Everything that’s worth doing comes with some dog doo.
Two days later, the pups have calmed down. They’re on a schedule of eating/outside to eliminate/play/sleep. Rinse and repeat.
My sanity returned. Time for damage control!
I wrote a contrite letter of apology to my island contact and another to my local shelter contact for my overreaction. I eased up with the pups. I made peace with my husband.
I realized the gift these puppies are to me.
They’ve traveled a long way from home, through scary airports with complete strangers, without food, in tiny carry-on bags. They arrive to a place with snow (yes, we had snow on Easter Sunday!) and a suspicious older dog and a houseful of grumpy teens and adults.
If that were me I’m not sure I would have been on my best behavior, either.
Marriage, kids, puppies, and yes, art, come into our lives with much romance and excitement. Eventually this is overshadowed by the sheer drudgery and weight of custodial care. You and your spouse have to agree on who’s turn it is to do dishes, and who gets to go into their office and shut the door for a few hours. Kids need custodial care the first few years, and emotional care forever. Pups and kittens sometimes seem to be a conduit of poop from another dimension. (Well. Human infants, too.) With art and career and writing come days of discouragement, missed deadlines, disgruntled gallery owners, difficult customers, sagging sales.
When everything goes wrong, we’re very quick to complain. We want to bail. We wonder if we made the right choices. And is a quickie Mexican divorce really that simple and inexpensive?
When I feel this way, I know it’s time to stop. Breathe. And think about what has to change.
Sometimes we really have barked up the wrong tree. (Dog pun. Sorry!) If everything about what we’re doing is draining our battery and never recharges, then maybe it’s time to consider a new direction.
Maybe we need to change our way of doing things. What’s worked for us in the past may need to be tweaked now. With teens, we learn to choose our battles. At shows, we find ways to streamline our set-up. With big puppies, more structure and containment is necessary.
Sometimes we just need to see beyond the poop for a moment. We need to stop and smell the roses. We must remember that the most fragrant and beautiful roses–antique roses–come with plenty of thorns. When the thorns prick us, that’s the time to slow down. And sniff.

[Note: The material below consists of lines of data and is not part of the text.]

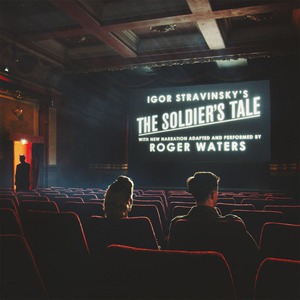 Roger Waters. Igor Stravinsky.The Soldier's Tale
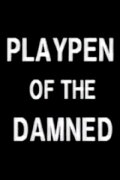 Playpen of the Damned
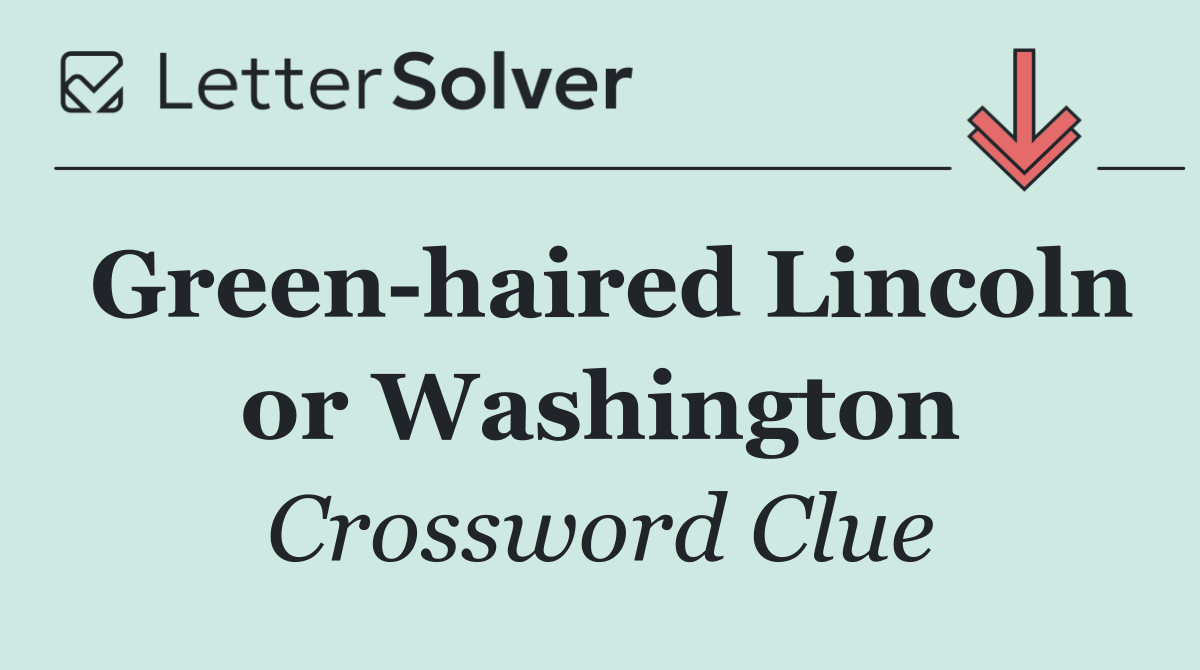 Green haired Lincoln or Washington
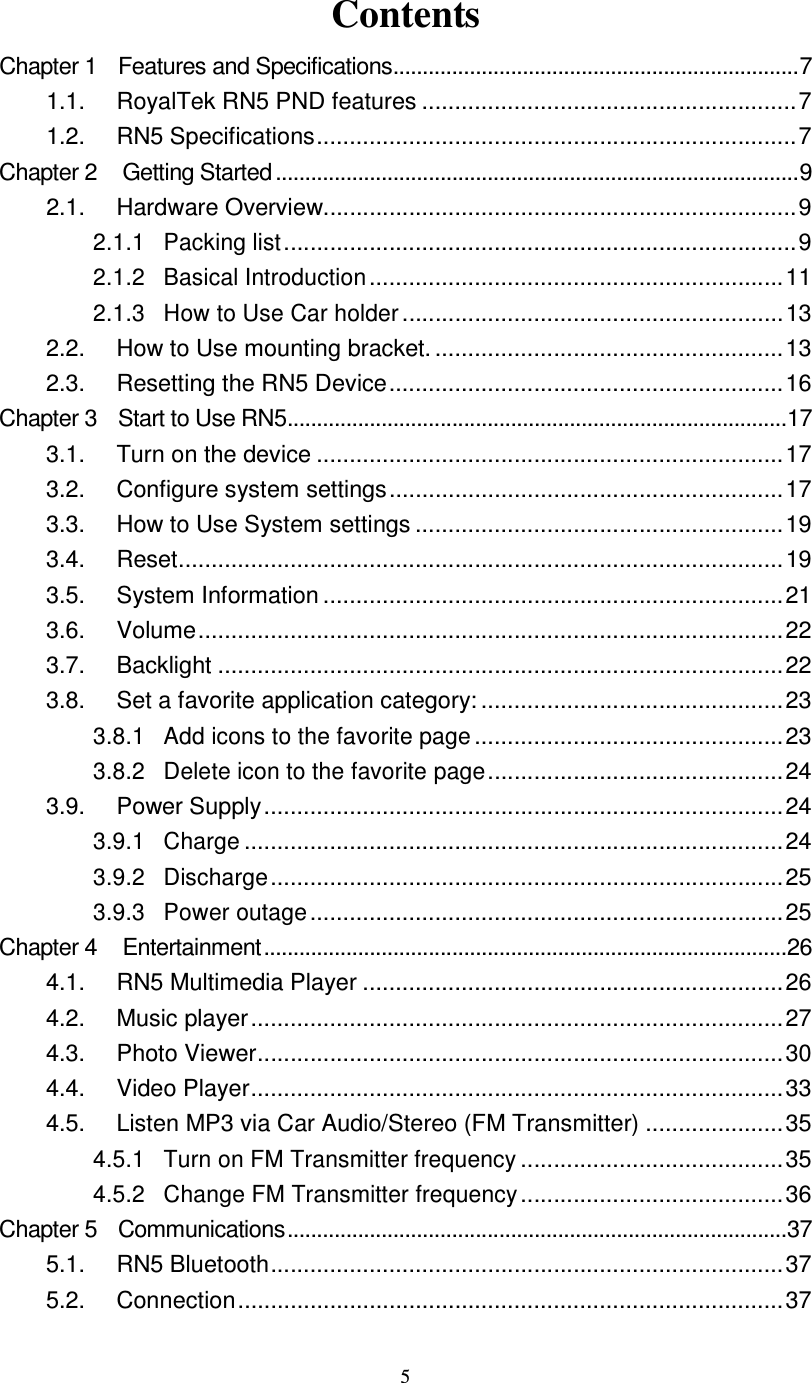  5 Contents Chapter 1    Features and Specifications.....................................................................7 1.1.  RoyalTek RN5 PND features .........................................................7 1.2.  RN5 Specifications.........................................................................7 Chapter 2  Getting Started .........................................................................................9 2.1.  Hardware Overview........................................................................9 2.1.1 Packing list..............................................................................9 2.1.2 Basical Introduction...............................................................11 2.1.3 How to Use Car holder..........................................................13 2.2.  How to Use mounting bracket. .....................................................13 2.3.  Resetting the RN5 Device............................................................16 Chapter 3    Start to Use RN5.....................................................................................17 3.1.  Turn on the device .......................................................................17 3.2.  Configure system settings............................................................17 3.3.  How to Use System settings ........................................................19 3.4.  Reset............................................................................................19 3.5.  System Information ......................................................................21 3.6.  Volume.........................................................................................22 3.7.  Backlight ......................................................................................22 3.8.  Set a favorite application category: ..............................................23 3.8.1 Add icons to the favorite page...............................................23 3.8.2 Delete icon to the favorite page.............................................24 3.9.  Power Supply...............................................................................24 3.9.1 Charge..................................................................................24 3.9.2 Discharge..............................................................................25 3.9.3 Power outage........................................................................25 Chapter 4  Entertainment.........................................................................................26 4.1.  RN5 Multimedia Player ................................................................26 4.2.  Music player.................................................................................27 4.3.  Photo Viewer................................................................................30 4.4.  Video Player.................................................................................33 4.5.  Listen MP3 via Car Audio/Stereo (FM Transmitter) .....................35 4.5.1 Turn on FM Transmitter frequency........................................35 4.5.2 Change FM Transmitter frequency........................................36 Chapter 5    Communications.....................................................................................37 5.1.  RN5 Bluetooth..............................................................................37 5.2.  Connection...................................................................................37 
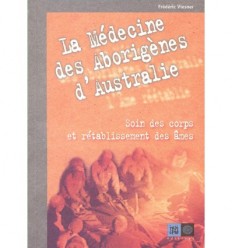 La médecine des Aborigènes d’Australie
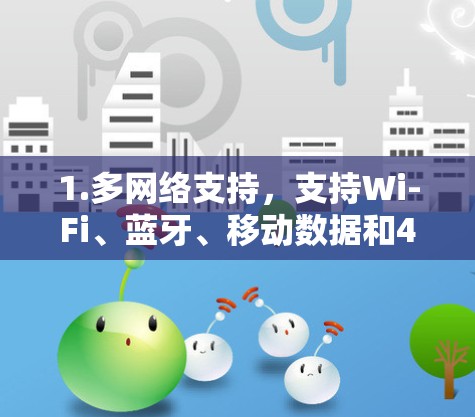 1.多网络支持，支持Wi-Fi、蓝牙、移动数据和4G/5G网络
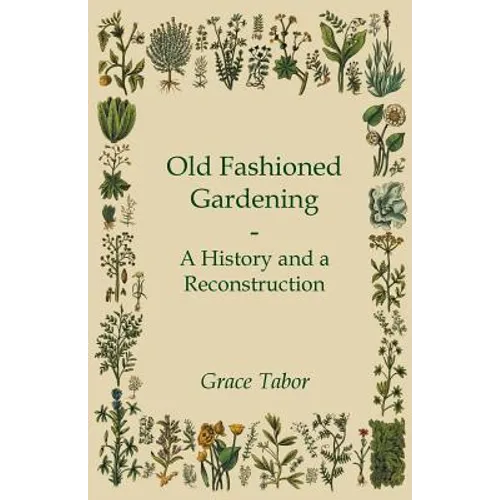Old Fashioned Gardening a History and a Reconstruction - Paperback
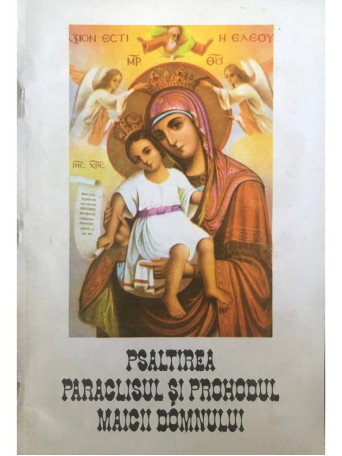 Psaltirea, Paraclisul si Prohodul Maicii Domnului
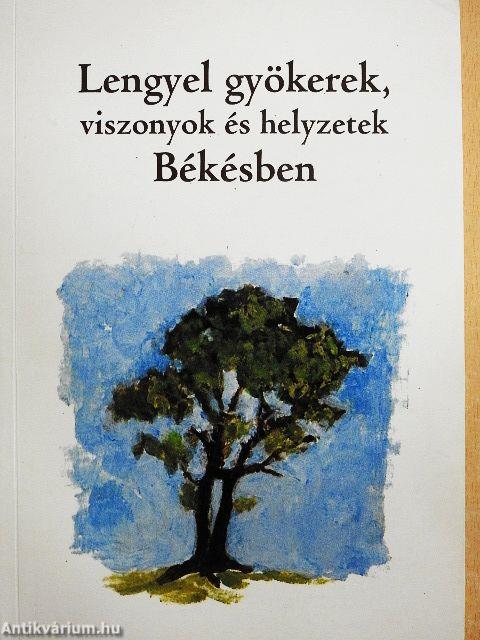 Lengyel gyökerek, viszonyok és helyzetek Békésben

Caring for these puppies transports me to the days when my children were young. It was a lot of work, but there was even more joy. Like children, these pups come into this world with a powerful need to be loved, and the desire to love in return. Both of these young ones will do almost anything to get that love. They learn to control their bowels and bladders (though it can feel like an eternity, as my teacher sister says, “They’re always potty trained by kindergarten.”) They learn not to chew on your favorite shoes, or use them for a Barbie bathtub.
In return, they teach you that it’s never a waste of time to sit quietly in the sun on a warm spring day, watching young things gambol and cavort in the new green grass.
They teach you that there is nothing quite so wonderful as a good belly laugh–from them, or from you. (And I swear those pups are laughing.)
They teach you that when you hold them in your arms, and they gaze at your with perfect knowledge they are safe and sound, and profoundly loved, there is no better balm in the world for a troubled heart.
So I’m grateful for the gift of these puppies today. They’re beautiful dogs, full of joy and hope, ready for their forever homes. They’ve given me peace in my heart. They’ve reminded me of what it means to be alive, to be in the world, with all its joy and beauty.
And all the poo that comes with it, of course.
Aren’t you glad I didn’t say you had to learn to love the smell of poo?
P.S. Jack and Gillie will soon be on their way to the Monadnock Humane Society in Swanzey, NH soon. Help spread the word!